Created on 13 Jan 2020 · 4Comments · Source: huggingface/transformers

Hi,

At the moment I'm trying to extract features of the second last layer using the "run_lm_finetuning.py" script in combination with the setting "output_hidden_sates=True".

I'm wondering if this new FeatureExtractionPipeline feature would be a good alternative and how to get started using this new feature. I have been trying to read the documentation and so far I have figured out I should do something along the lines of:

from transformers import pipeline
nlp = pipeline('feature-extraction', model='', config='', tokenizer='', binary_output=True,)

I'm pretty sure I'm missing some important parameters and details however. For example the input and output parameter. Only looking at the code alone makes me a little puzzled at the moment since I'm not very proficient yet with Python and Pytorch and the official documentation has not much documentation and examples on this new feature yet.

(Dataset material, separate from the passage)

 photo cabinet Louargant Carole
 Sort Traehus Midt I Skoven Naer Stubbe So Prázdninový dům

Can someone please help me get started using this new feature by giving some good example and point towards some important parameters to get started?

Pipeline

Source

Stuffooh

Most helpful comment

@gsasikiran, check out spacyface.

leungi on 1 Feb 2020

👍2

All 4 comments

@Stuffooh, the following is based on my understanding and experiment.

The default params for nlp = pipeline('feature-extraction') uses distilbert-base-uncased for both the model and tokenizer.

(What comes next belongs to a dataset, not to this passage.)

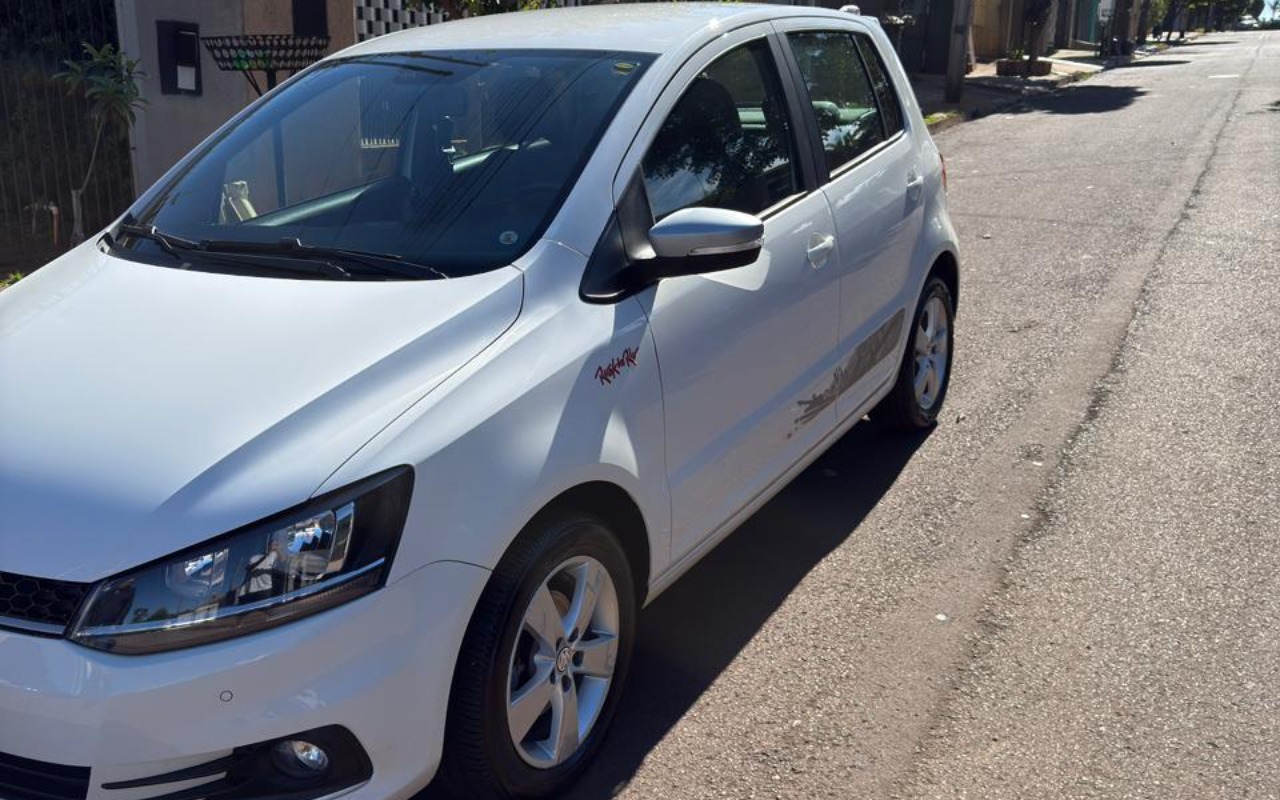 imagem-https://www.socarrao.com.br/sc-vehicle-images-prod/2308868/1782409238413-V2hhdHNBcHAgSW1hZ2UgMjAyNi0wNi0yNSBhdCAxNC4xNi4zMCAoMSkuanBlZw.jpeg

The nlp object takes as input a sentence and output token-level vectors; note that token-level doesn't necessarily equal word-level since BERT uses WordPiece tokenization. Below are examples to show this.

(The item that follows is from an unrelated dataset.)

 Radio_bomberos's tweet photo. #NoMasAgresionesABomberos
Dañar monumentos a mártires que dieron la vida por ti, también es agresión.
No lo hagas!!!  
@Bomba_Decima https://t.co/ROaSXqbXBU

sent = nlp("This is a dog.")

# get length of output
print(len(sent[0]))
> 7

# it is seven because there's a [CLS] and [SEP] token added to the start and end of sentence, and the full stop `.` counts as a token.

sent = nlp("This is a untrained dog.")

# get length of output
print(len(sent[0]))
> 10

# similar to above example, with the addition of the word `untrained`, which in this case is broken up into three sub-pieces (tokens)

leungi on 14 Jan 2020

👍1

@leungi What I'm wondering though is how to finetune models using the pipeline feature-extraction. How to finetune 3 epochs with a certain set learning rate for example?

I feel like I am misisng something here. In the run_lm_finetuning.py script for example it is easy and clear to pass all these parameters while outputting the hidden states of the model.

Stuffooh on 16 Jan 2020

@leungi How to visualise the tokens, the embeddings has assigned to?